[Image-text web data]
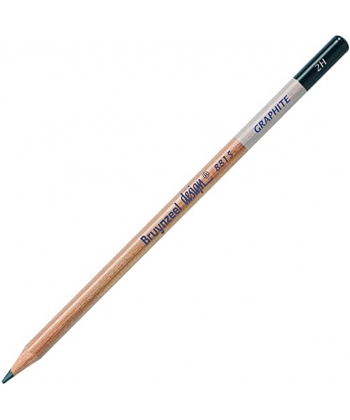 Pencil Bruynzeel 2H Graphite 8815K2H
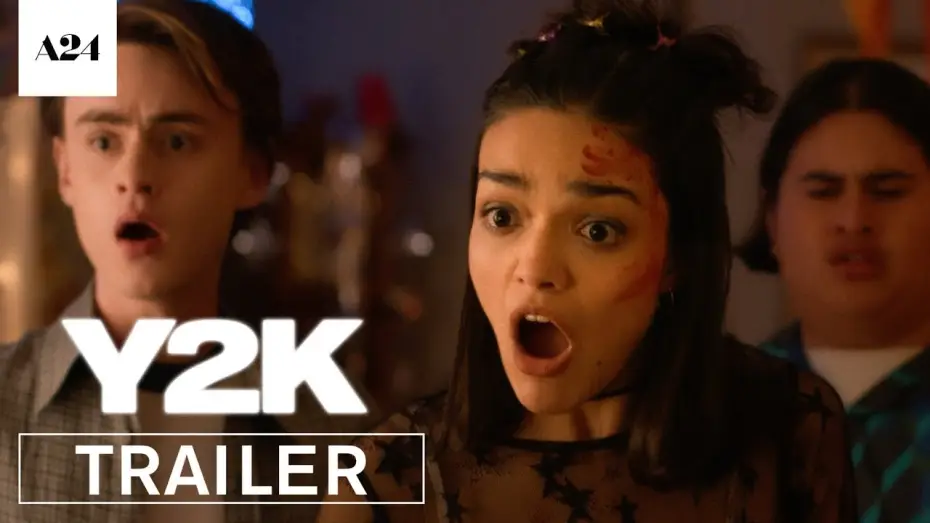 Видео к фильму Миллениум | Official Trailer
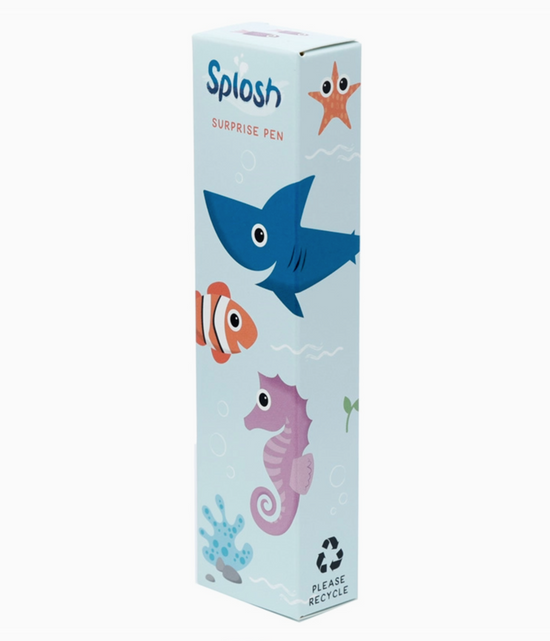 Pre-Made Under The Sea Party Favor Set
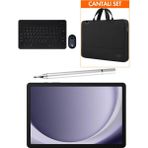 Samsung Galaxy Tab A11+ Plus 6gb 128GB 11'' Tablet+Kalem+Klavye+Çanta - 128 GB - Çok Renkli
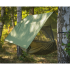Découvrez notre hamac confortable pour 1 personne avec toit anti-pluie et filet anti-insectes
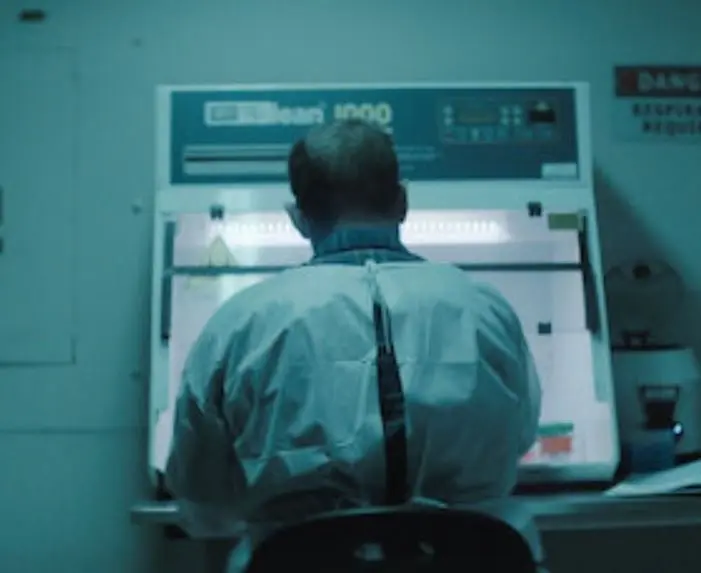 Días después del 11S, cartas contaminadas con ántrax desatan el pánico y la tragedia en Estados Unidos. Este documental sigue la investigación del FBI.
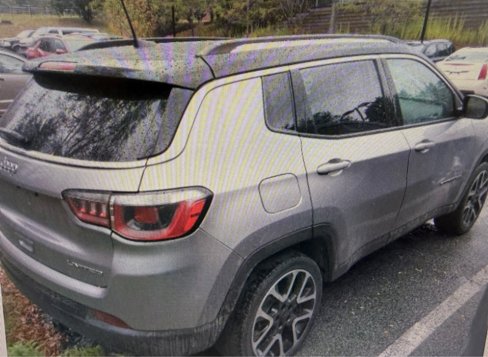 Used 2017 Jeep Compass Limited w/ Navigation Group image 2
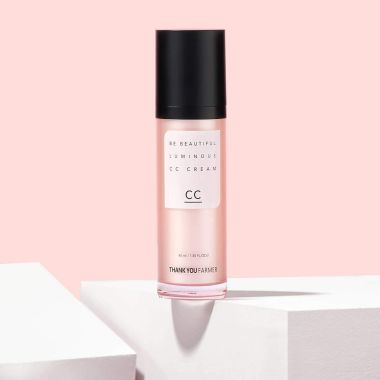 Thank You Farmer: Be Beautiful Luminous CC Cream SPF30 PA++(40ml)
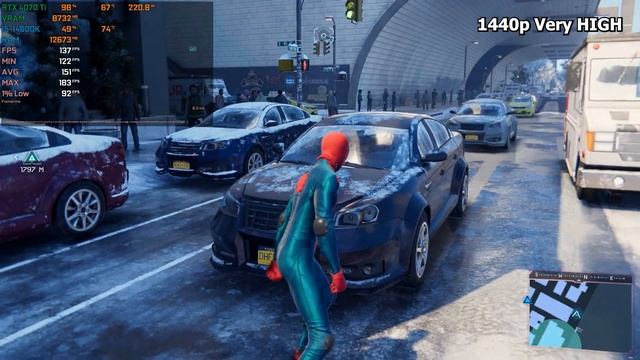 RTX 4070 TI + I5 14600K : Test in 18 Games - RTX 4070Ti Gaming смотреть онлайн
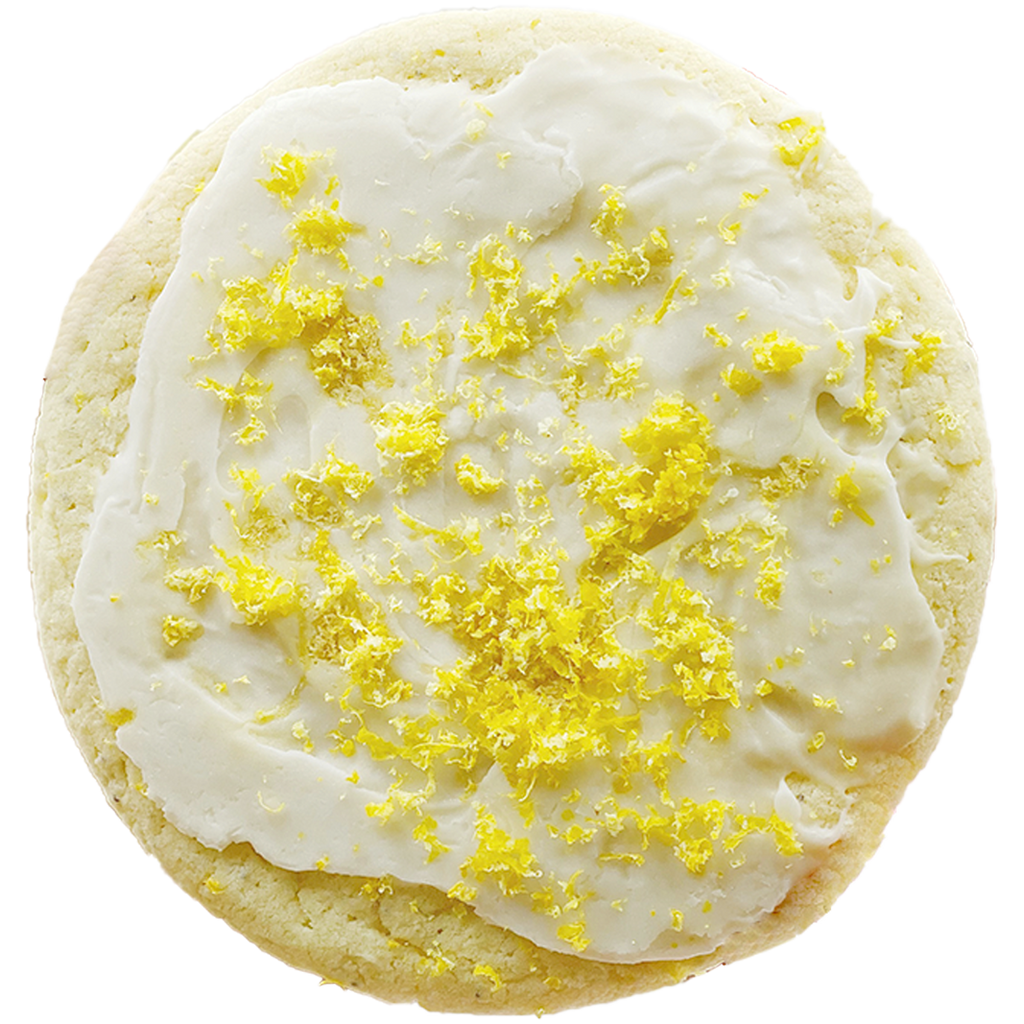 lemon cookie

> WHAT YOU NEED TO DO
Output the records above unchanged, minus their pictures.

> THE ANSWER
 Pencil Bruynzeel 2H Graphite 8815K2H
 Видео к фильму Миллениум | Official Trailer
 Pre-Made Under The Sea Party Favor Set
 Samsung Galaxy Tab A11+ Plus 6gb 128GB 11'' Tablet+Kalem+Klavye+Çanta - 128 GB - Çok Renkli
Découvrez notre hamac confortable pour 1 personne avec toit anti-pluie et filet anti-insectes
 Días después del 11S, cartas contaminadas con ántrax desatan el pánico y la tragedia en Estados Unidos. Este documental sigue la investigación del FBI.
 Used 2017 Jeep Compass Limited w/ Navigation Group image 2
 Thank You Farmer: Be Beautiful Luminous CC Cream SPF30 PA++(40ml)
 RTX 4070 TI + I5 14600K : Test in 18 Games - RTX 4070Ti Gaming смотреть онлайн
 lemon cookie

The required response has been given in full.